Sen. Adam Schiff isn’t letting Defense Secretary Pete Hegseth hide behind vague statements and redacted briefings. On Sunday, the California Democrat issued a blunt challenge to Hegseth: if the administration is so confident in the legality of its Caribbean boat strikes, release the video and let Americans judge for themselves.
Schiff’s call came during a tense appearance on NBC’s Meet the Press, where moderator Kristen Welker pressed him on whether the Trump administration’s Sept. 2 follow-up strike—one that killed the survivors of the first attack on an alleged drug boat—was legal. Hours earlier, Sen. Tom Cotton had gone on the same program defending the second strike as “entirely appropriate” and “in no way a violation of the law of war.”
Schiff didn’t mince words. He labeled the strikes “unlawful” and “unconstitutional,” adding: “Killing two people who are shipwrecked at sea is also morally repugnant.” While he agreed that stopping drug trafficking is essential, Schiff said this operation crossed every legal and moral line: “This is not at all lawful or constitutional.”
And that’s where he pushed Hegseth: If the Pentagon really believes the mission was justified, then stop talking about it and show the country what actually happened.
“Let the American people see two people standing on a capsized boat or sitting on a capsized boat [get] deliberately killed,” he said. “I can’t imagine people would be proud of that.”
Hegseth, speaking a day earlier at the Reagan National Defense Forum, dodged the question of whether the footage would ever be made public. He leaned on the usual “sources and methods” line, calling it an “ongoing operation” and insisting the Pentagon must be “very responsible” about anything it releases.
But Trump, in classic fashion, contradicted his own Defense Department, telling reporters last week that the administration would “certainly release” whatever footage exists: “I don’t know what they have, but whatever they have, we’d certainly release, no problem.”
Schiff wasn’t buying the mixed messaging. He reminded Welker that the U.S. manual on the law of war explicitly bans killing shipwrecked individuals: “It’s illegal, is a violation of law.” What rattled him most, he said, was Cotton’s suggestion that the survivors’ behavior didn’t matter—whether they were signaling distress, begging for rescue, or simply clinging to debris.

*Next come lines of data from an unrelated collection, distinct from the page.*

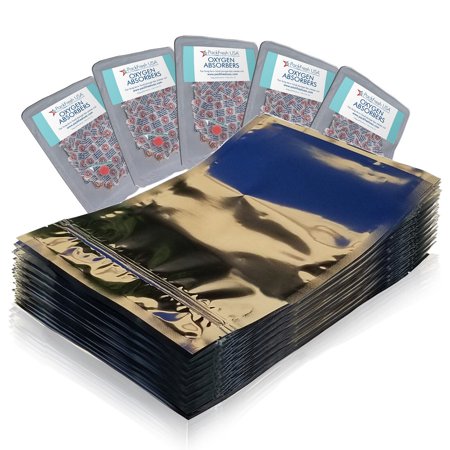 New One Quart Seal-Top 50 Pack Mylar Bags And 300cc Oxygen Absorbers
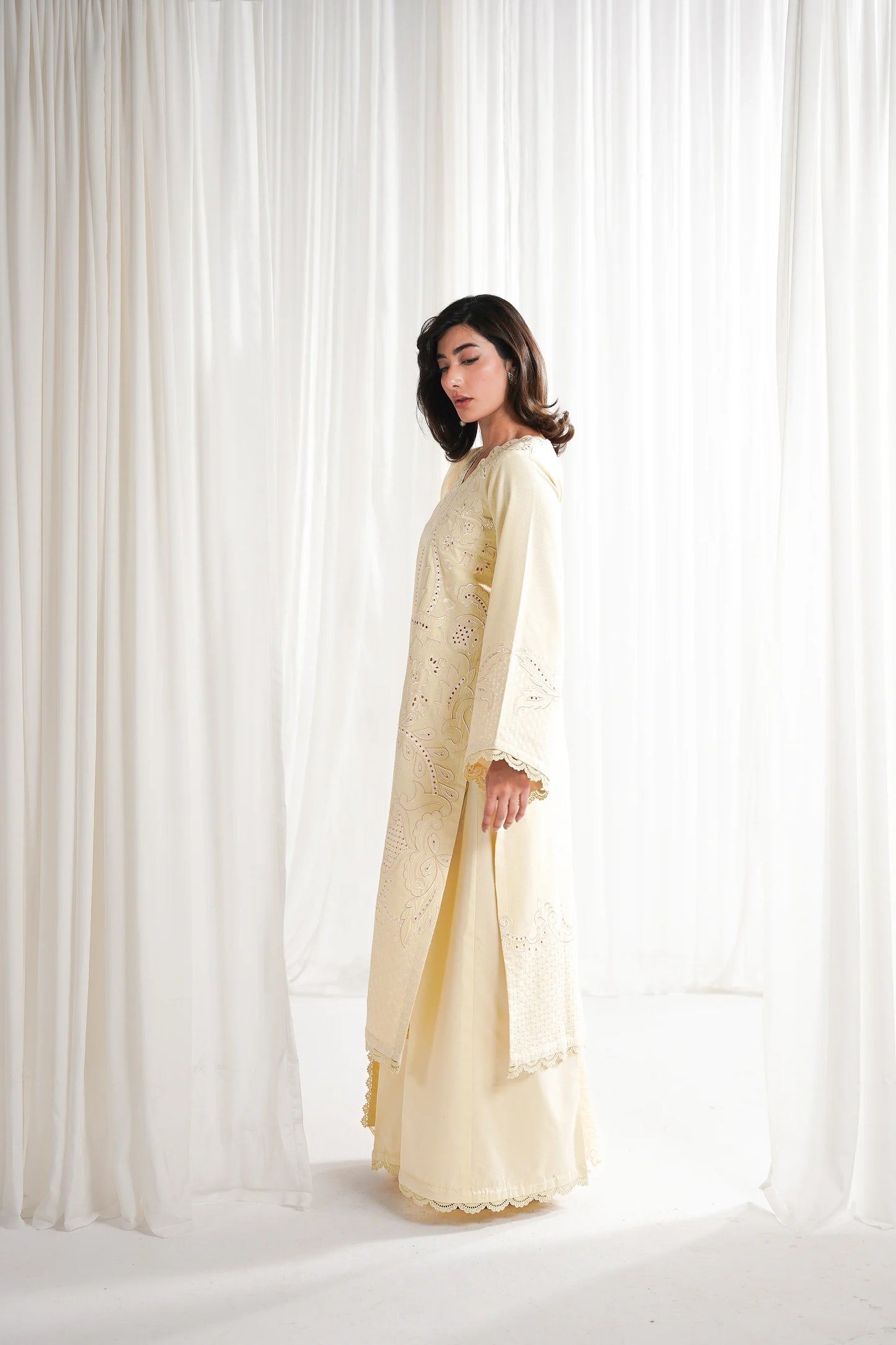 BUTTER YELLOW LUXURY EMBROIDERED 3PCS SET NPA3-25420 (EID 2025 READY TO WEAR) | ZAIB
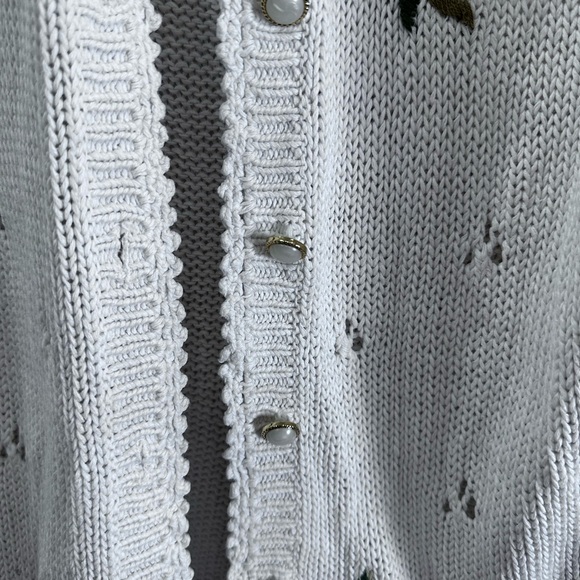 Capacity Petites Cottage Core FloralSweater M Vintage Red Pink Rose Cardigan - Picture 2 of 16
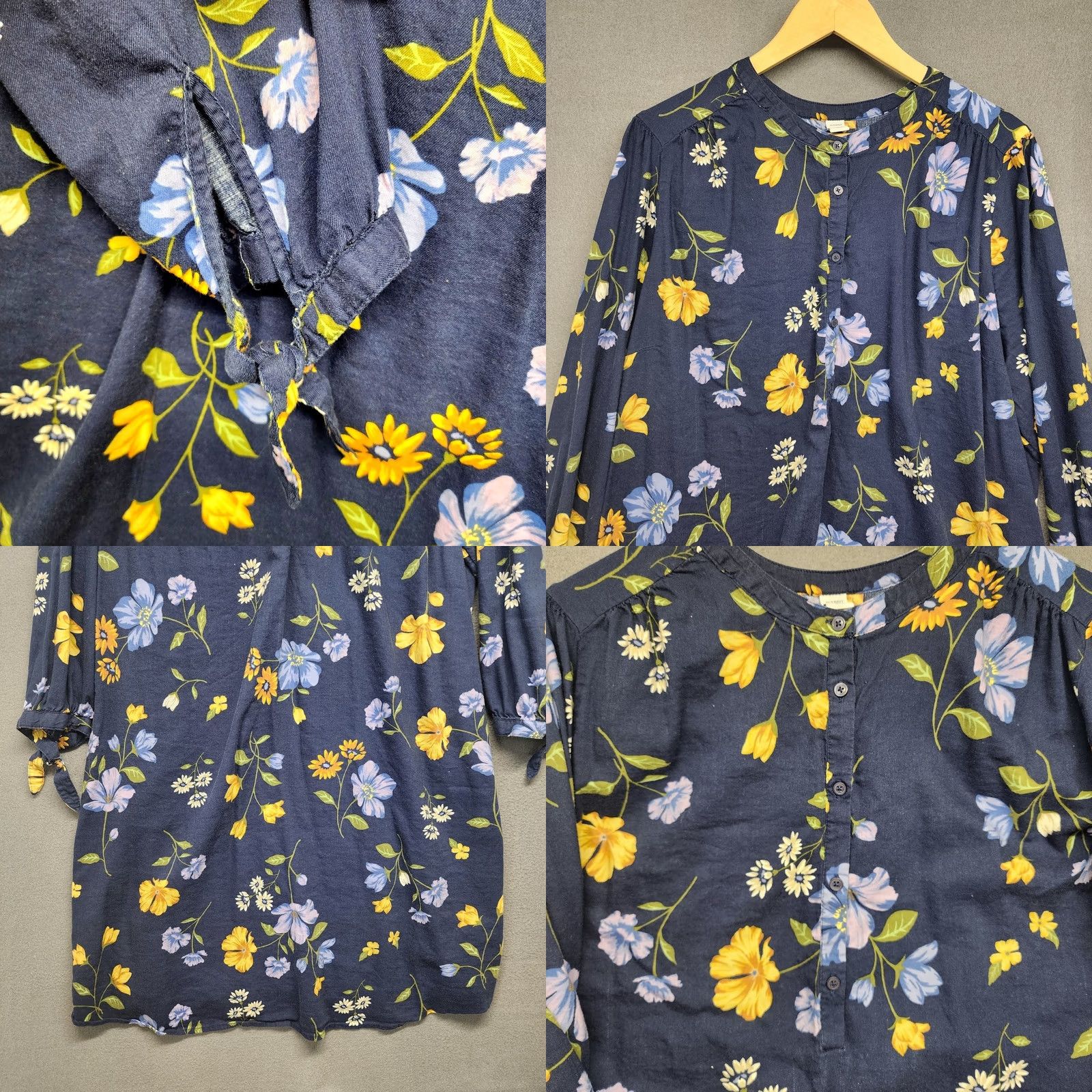 Old Navy VINTAGE Old Navy Womens Dress Plus Size 3X Blue Floral Shift Prairie Peasant Cottage Knee Length Button Cotton Blend Floral Womens 3X Size XXL / US 16-18 / IT 52-54 - 8 Thumbnail
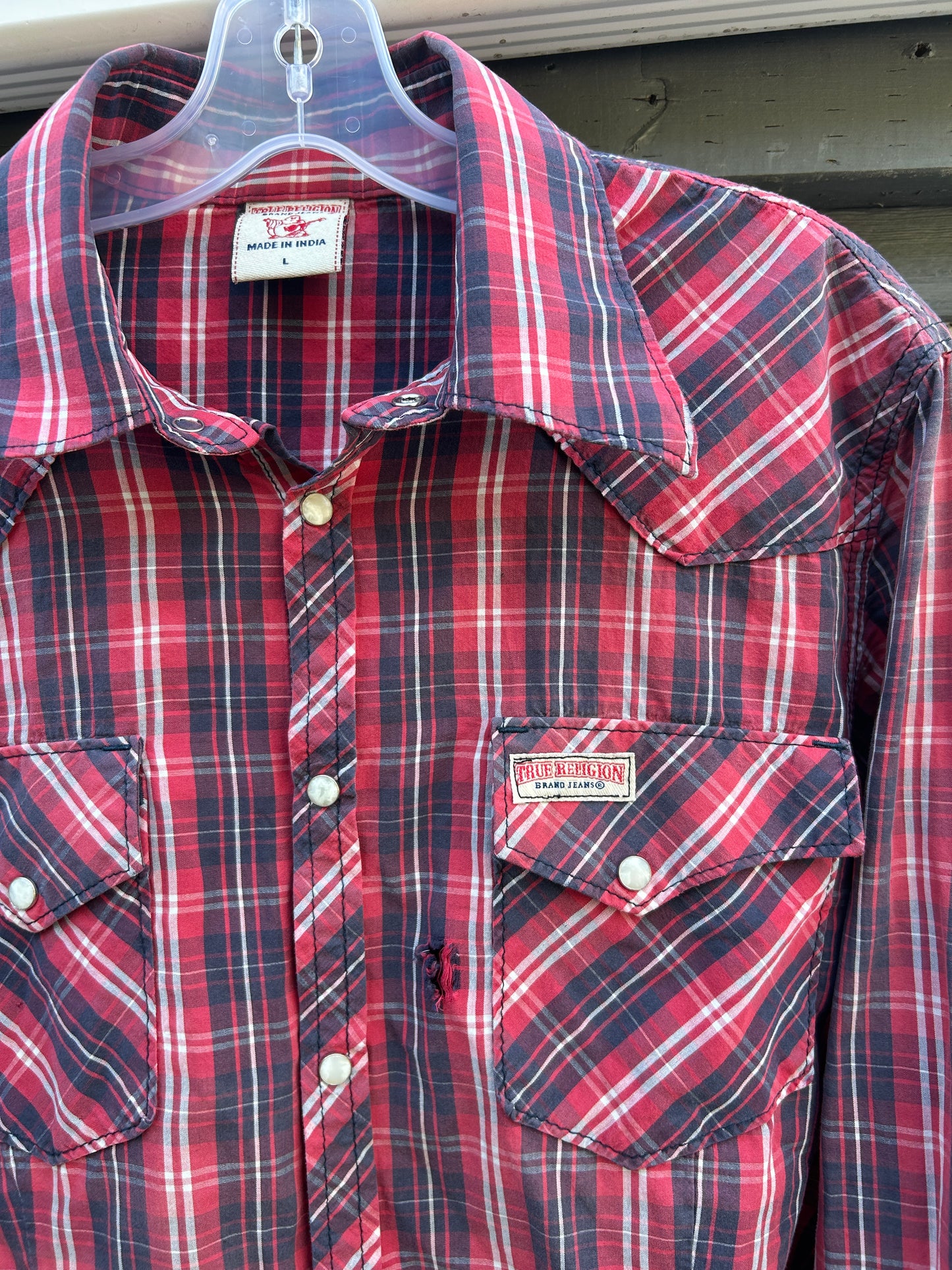 Y2K Cropped True Religion Button Up (L)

“It does matter,” Schiff fired back.
He went further, arguing the strikes weren’t just unlawful, but amounted to extra-judicial killings: “These boats are not invading the United States in an armed assault. They’re thousands of miles away… And for us to be engaged in this kind of unauthorized campaign of extra-judicial killing, couldn’t be, I think, a more clear violation of the law.”
Schiff also warned that slapping labels like “terrorist” or “narco-terrorist organization” on groups doesn’t magically give a president the authority to kill people at sea.
By the end of the interview, Schiff made clear what he believes must happen next: a full-blown investigation. Americans deserve to know whether the military was ordered to “kill everybody in an organization without knowing specifically who these people were, or what the situation was.”